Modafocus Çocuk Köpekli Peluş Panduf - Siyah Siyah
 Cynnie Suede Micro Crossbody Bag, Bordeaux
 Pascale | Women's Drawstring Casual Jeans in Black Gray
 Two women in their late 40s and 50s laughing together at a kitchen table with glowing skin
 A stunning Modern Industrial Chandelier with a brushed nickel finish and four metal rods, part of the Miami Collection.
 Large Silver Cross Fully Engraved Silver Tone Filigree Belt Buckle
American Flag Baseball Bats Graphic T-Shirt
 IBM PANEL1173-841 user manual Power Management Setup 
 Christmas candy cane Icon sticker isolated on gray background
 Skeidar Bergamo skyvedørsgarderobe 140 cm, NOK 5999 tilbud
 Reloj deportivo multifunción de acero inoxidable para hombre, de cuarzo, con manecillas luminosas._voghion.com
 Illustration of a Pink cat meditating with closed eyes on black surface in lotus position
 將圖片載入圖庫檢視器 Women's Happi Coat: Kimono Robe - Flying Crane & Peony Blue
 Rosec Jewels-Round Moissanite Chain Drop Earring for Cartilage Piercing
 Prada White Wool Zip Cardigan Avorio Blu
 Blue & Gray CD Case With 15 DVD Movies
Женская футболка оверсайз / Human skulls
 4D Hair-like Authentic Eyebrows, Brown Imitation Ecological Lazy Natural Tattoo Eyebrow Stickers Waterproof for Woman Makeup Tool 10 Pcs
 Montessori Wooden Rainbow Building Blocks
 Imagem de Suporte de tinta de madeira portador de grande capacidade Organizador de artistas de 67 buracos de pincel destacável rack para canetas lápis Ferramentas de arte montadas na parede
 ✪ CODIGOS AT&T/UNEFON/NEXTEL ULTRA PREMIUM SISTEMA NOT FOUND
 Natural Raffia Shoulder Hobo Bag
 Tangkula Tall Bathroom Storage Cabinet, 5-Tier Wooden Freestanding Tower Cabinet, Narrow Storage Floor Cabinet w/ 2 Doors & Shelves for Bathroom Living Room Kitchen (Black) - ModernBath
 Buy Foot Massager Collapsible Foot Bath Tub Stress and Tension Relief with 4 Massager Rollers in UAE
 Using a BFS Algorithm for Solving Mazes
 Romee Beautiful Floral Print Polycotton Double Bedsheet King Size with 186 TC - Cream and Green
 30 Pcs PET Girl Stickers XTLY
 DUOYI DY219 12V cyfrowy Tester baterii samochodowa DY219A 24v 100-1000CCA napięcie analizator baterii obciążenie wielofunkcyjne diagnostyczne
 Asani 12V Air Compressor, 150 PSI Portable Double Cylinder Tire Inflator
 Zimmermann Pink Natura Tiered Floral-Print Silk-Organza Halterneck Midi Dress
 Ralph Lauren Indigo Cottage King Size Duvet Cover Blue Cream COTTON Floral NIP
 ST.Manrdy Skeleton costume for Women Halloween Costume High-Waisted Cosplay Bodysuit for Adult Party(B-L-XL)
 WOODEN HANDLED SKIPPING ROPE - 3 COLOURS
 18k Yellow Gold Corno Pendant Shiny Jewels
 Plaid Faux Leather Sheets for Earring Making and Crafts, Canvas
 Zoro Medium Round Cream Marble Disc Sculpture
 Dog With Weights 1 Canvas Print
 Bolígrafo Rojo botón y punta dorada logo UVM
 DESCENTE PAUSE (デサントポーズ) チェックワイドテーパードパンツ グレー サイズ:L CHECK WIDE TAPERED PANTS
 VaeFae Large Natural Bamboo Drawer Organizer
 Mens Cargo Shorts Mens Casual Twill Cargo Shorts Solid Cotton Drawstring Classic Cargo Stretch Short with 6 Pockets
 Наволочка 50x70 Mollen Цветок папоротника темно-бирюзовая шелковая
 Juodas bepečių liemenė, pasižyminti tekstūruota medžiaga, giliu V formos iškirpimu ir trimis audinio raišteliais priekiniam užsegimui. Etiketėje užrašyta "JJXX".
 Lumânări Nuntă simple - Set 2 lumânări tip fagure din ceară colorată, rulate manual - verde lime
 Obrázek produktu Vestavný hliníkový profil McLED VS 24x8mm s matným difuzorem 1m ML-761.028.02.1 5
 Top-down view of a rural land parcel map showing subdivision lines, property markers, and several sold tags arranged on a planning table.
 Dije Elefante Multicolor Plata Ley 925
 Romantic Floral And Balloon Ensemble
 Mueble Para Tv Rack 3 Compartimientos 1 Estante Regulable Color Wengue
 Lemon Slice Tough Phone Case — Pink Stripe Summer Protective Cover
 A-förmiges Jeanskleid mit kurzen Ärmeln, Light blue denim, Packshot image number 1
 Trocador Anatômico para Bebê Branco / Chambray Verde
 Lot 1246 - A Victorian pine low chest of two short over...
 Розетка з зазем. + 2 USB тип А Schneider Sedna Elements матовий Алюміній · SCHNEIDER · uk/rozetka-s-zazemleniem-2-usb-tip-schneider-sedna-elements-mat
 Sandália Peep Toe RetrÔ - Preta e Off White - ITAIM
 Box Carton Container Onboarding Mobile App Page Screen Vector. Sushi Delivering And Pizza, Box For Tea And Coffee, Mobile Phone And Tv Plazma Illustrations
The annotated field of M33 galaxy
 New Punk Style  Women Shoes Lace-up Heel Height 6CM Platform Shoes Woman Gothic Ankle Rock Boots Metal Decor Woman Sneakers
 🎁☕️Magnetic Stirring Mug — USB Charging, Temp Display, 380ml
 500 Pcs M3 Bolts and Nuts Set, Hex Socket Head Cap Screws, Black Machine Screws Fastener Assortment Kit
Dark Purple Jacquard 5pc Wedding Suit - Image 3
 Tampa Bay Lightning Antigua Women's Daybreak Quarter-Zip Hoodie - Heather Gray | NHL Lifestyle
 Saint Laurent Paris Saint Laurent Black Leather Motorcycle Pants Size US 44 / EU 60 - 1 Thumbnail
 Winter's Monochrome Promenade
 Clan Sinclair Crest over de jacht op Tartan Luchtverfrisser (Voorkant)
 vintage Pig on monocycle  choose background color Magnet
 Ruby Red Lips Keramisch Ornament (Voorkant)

================

(About this task): Restate each line of the records above without any deviation.

(Solution to this exercise):
Modafocus Çocuk Köpekli Peluş Panduf - Siyah Siyah
 Cynnie Suede Micro Crossbody Bag, Bordeaux
 Pascale | Women's Drawstring Casual Jeans in Black Gray
 Two women in their late 40s and 50s laughing together at a kitchen table with glowing skin
 A stunning Modern Industrial Chandelier with a brushed nickel finish and four metal rods, part of the Miami Collection.
 Large Silver Cross Fully Engraved Silver Tone Filigree Belt Buckle
American Flag Baseball Bats Graphic T-Shirt
 IBM PANEL1173-841 user manual Power Management Setup 
 Christmas candy cane Icon sticker isolated on gray background
 Skeidar Bergamo skyvedørsgarderobe 140 cm, NOK 5999 tilbud
 Reloj deportivo multifunción de acero inoxidable para hombre, de cuarzo, con manecillas luminosas._voghion.com
 Illustration of a Pink cat meditating with closed eyes on black surface in lotus position
 將圖片載入圖庫檢視器 Women's Happi Coat: Kimono Robe - Flying Crane & Peony Blue
 Rosec Jewels-Round Moissanite Chain Drop Earring for Cartilage Piercing
 Prada White Wool Zip Cardigan Avorio Blu
 Blue & Gray CD Case With 15 DVD Movies
Женская футболка оверсайз / Human skulls
 4D Hair-like Authentic Eyebrows, Brown Imitation Ecological Lazy Natural Tattoo Eyebrow Stickers Waterproof for Woman Makeup Tool 10 Pcs
 Montessori Wooden Rainbow Building Blocks
 Imagem de Suporte de tinta de madeira portador de grande capacidade Organizador de artistas de 67 buracos de pincel destacável rack para canetas lápis Ferramentas de arte montadas na parede
 ✪ CODIGOS AT&T/UNEFON/NEXTEL ULTRA PREMIUM SISTEMA NOT FOUND
 Natural Raffia Shoulder Hobo Bag
 Tangkula Tall Bathroom Storage Cabinet, 5-Tier Wooden Freestanding Tower Cabinet, Narrow Storage Floor Cabinet w/ 2 Doors & Shelves for Bathroom Living Room Kitchen (Black) - ModernBath
 Buy Foot Massager Collapsible Foot Bath Tub Stress and Tension Relief with 4 Massager Rollers in UAE
 Using a BFS Algorithm for Solving Mazes
 Romee Beautiful Floral Print Polycotton Double Bedsheet King Size with 186 TC - Cream and Green
 30 Pcs PET Girl Stickers XTLY
 DUOYI DY219 12V cyfrowy Tester baterii samochodowa DY219A 24v 100-1000CCA napięcie analizator baterii obciążenie wielofunkcyjne diagnostyczne
 Asani 12V Air Compressor, 150 PSI Portable Double Cylinder Tire Inflator
 Zimmermann Pink Natura Tiered Floral-Print Silk-Organza Halterneck Midi Dress
 Ralph Lauren Indigo Cottage King Size Duvet Cover Blue Cream COTTON Floral NIP
 ST.Manrdy Skeleton costume for Women Halloween Costume High-Waisted Cosplay Bodysuit for Adult Party(B-L-XL)
 WOODEN HANDLED SKIPPING ROPE - 3 COLOURS
 18k Yellow Gold Corno Pendant Shiny Jewels
 Plaid Faux Leather Sheets for Earring Making and Crafts, Canvas
 Zoro Medium Round Cream Marble Disc Sculpture
 Dog With Weights 1 Canvas Print
 Bolígrafo Rojo botón y punta dorada logo UVM
 DESCENTE PAUSE (デサントポーズ) チェックワイドテーパードパンツ グレー サイズ:L CHECK WIDE TAPERED PANTS
 VaeFae Large Natural Bamboo Drawer Organizer
 Mens Cargo Shorts Mens Casual Twill Cargo Shorts Solid Cotton Drawstring Classic Cargo Stretch Short with 6 Pockets
 Наволочка 50x70 Mollen Цветок папоротника темно-бирюзовая шелковая
 Juodas bepečių liemenė, pasižyminti tekstūruota medžiaga, giliu V formos iškirpimu ir trimis audinio raišteliais priekiniam užsegimui. Etiketėje užrašyta "JJXX".
 Lumânări Nuntă simple - Set 2 lumânări tip fagure din ceară colorată, rulate manual - verde lime
 Obrázek produktu Vestavný hliníkový profil McLED VS 24x8mm s matným difuzorem 1m ML-761.028.02.1 5
 Top-down view of a rural land parcel map showing subdivision lines, property markers, and several sold tags arranged on a planning table.
 Dije Elefante Multicolor Plata Ley 925
 Romantic Floral And Balloon Ensemble
 Mueble Para Tv Rack 3 Compartimientos 1 Estante Regulable Color Wengue
 Lemon Slice Tough Phone Case — Pink Stripe Summer Protective Cover
 A-förmiges Jeanskleid mit kurzen Ärmeln, Light blue denim, Packshot image number 1
 Trocador Anatômico para Bebê Branco / Chambray Verde
 Lot 1246 - A Victorian pine low chest of two short over...
 Розетка з зазем. + 2 USB тип А Schneider Sedna Elements матовий Алюміній · SCHNEIDER · uk/rozetka-s-zazemleniem-2-usb-tip-schneider-sedna-elements-mat
 Sandália Peep Toe RetrÔ - Preta e Off White - ITAIM
 Box Carton Container Onboarding Mobile App Page Screen Vector. Sushi Delivering And Pizza, Box For Tea And Coffee, Mobile Phone And Tv Plazma Illustrations
The annotated field of M33 galaxy
 New Punk Style  Women Shoes Lace-up Heel Height 6CM Platform Shoes Woman Gothic Ankle Rock Boots Metal Decor Woman Sneakers
 🎁☕️Magnetic Stirring Mug — USB Charging, Temp Display, 380ml
 500 Pcs M3 Bolts and Nuts Set, Hex Socket Head Cap Screws, Black Machine Screws Fastener Assortment Kit
Dark Purple Jacquard 5pc Wedding Suit - Image 3
 Tampa Bay Lightning Antigua Women's Daybreak Quarter-Zip Hoodie - Heather Gray | NHL Lifestyle
 Saint Laurent Paris Saint Laurent Black Leather Motorcycle Pants Size US 44 / EU 60 - 1 Thumbnail
 Winter's Monochrome Promenade
 Clan Sinclair Crest over de jacht op Tartan Luchtverfrisser (Voorkant)
 vintage Pig on monocycle  choose background color Magnet
 Ruby Red Lips Keramisch Ornament (Voorkant)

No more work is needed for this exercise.